UK financial watchdog investigates timing of Carillion’s market updates

Carillion shares fell as much as 8% after construction firm announced inquiry

The group is one of the companies building the HS2 London to Birmingham rail line and employs more than 40,000 people worldwide

The group is one of the companies building the HS2 London to Birmingham rail line and employs more than 40,000 people worldwide

 

The UK’s Financial Conduct Authority is investigating the outsourcing and construction group Carillion over financial statements it issued in the run-up to a July profit warning that wiped out three quarters of its market value.

The group, which is one of the companies building the HS2 London to Birmingham rail line and employs more than 40,000 people worldwide, said on Wednesday that the FCA was investigating “the timeliness and content of announcements made by Carillion between 7 December 2016 and 10 July 2017”.

Carillion, which said it was “co-operating fully with the FCA”, had issued statements ahead of the July 10th profit warning that were broadly upbeat.

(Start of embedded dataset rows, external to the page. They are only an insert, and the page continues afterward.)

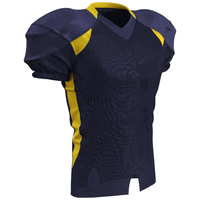 navy / gold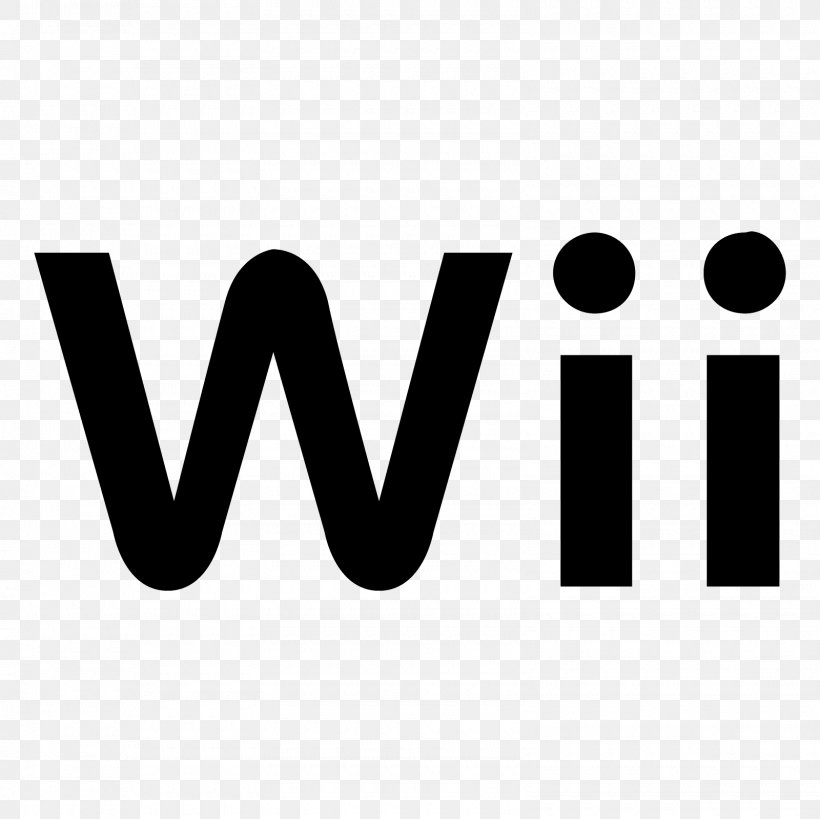 Wii U Wii Fit Plus, PNG, 1600x1600px, Wii, Black And White, Brand, Csssprites, Logo Download Free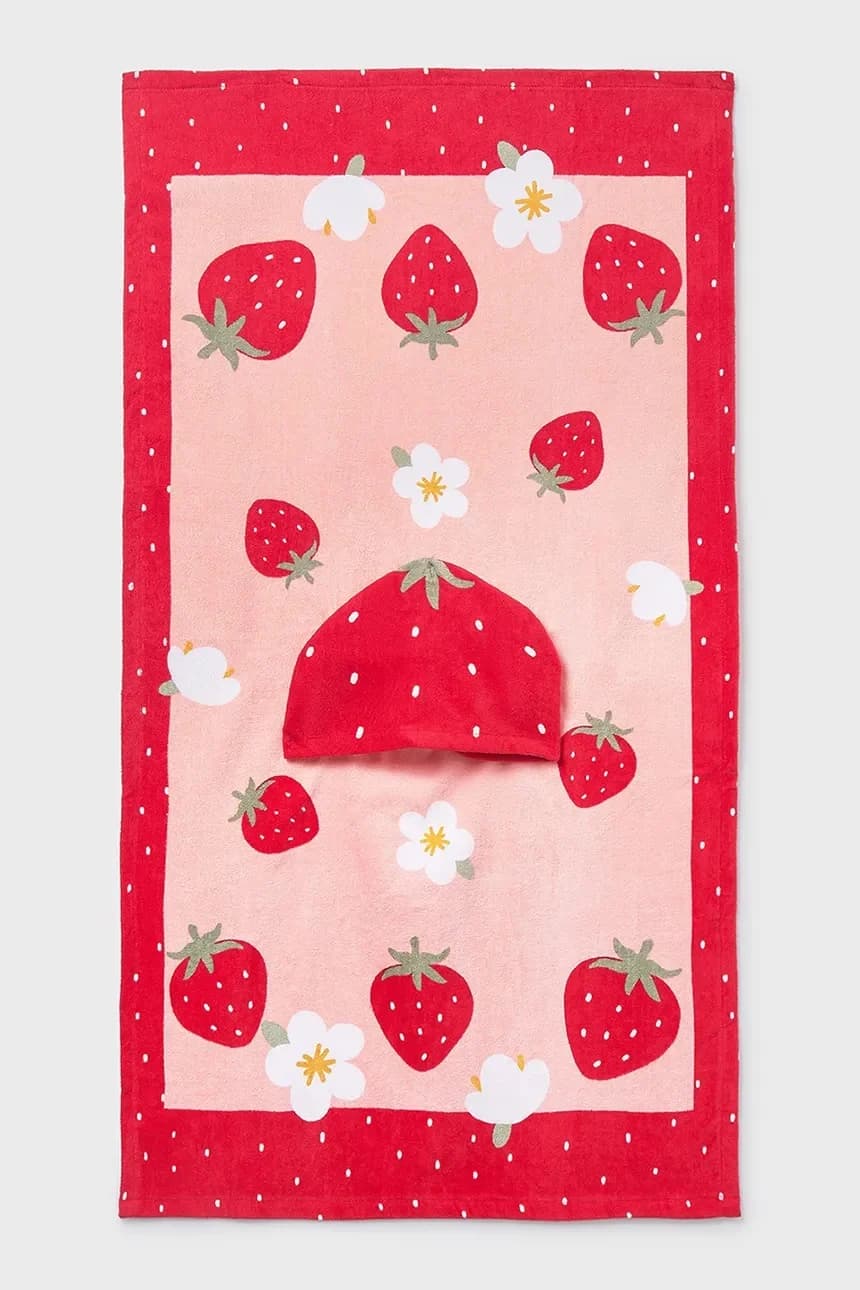 Детское хлопковое полотенце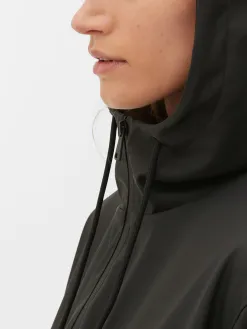 Imperméable Caoutchouté à Capuche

Richard Howson, the group’s former chief executive, spoke at Carillion’s annual general meeting in May of “an encouraging start to the year in terms of winning new business in our chosen markets”. He added that trading conditions across the business were “largely unchanged since we announced our 2016 full-year results in March”.

Profit warning

Carillion announced Mr Howson was leaving at the same time it issued its July profit warning, which revealed a sharp increase in debt and an £845 million (€950 million) provision for losses on its contracts.

“There was no doubt at the time that the company was taking an optimistic view,” said Stephen Rawlinson, support services expert and the director of boutique consultancy Applied Value.

“But the sort of deep provisions that came out [in July] were outside what I would have expected.”

Two finance directors, the long-serving Richard Adam and his replacement Zafar Khan, left Carillion in December 2016 and September 2017 respectively.

In November, two months after new finance chief Emma Mercer started her job, Carillion warned it would breach its banking covenants. Its lenders have since agreed to defer the date at which Carillion must pass key financial health tests to April 30th this year.

Carillion shares fell as much as 8 per cent after the news early on Wednesday morning.

The FCA, which has not made its own announcement about its investigation into the timing of Carillion’s financial statements, is becoming tougher on companies that it suspects have taken too long to announce bad news.

The market watchdog is also investigating the timing of a profit warning issued by UK outsourcer Mitie Group in September 2016.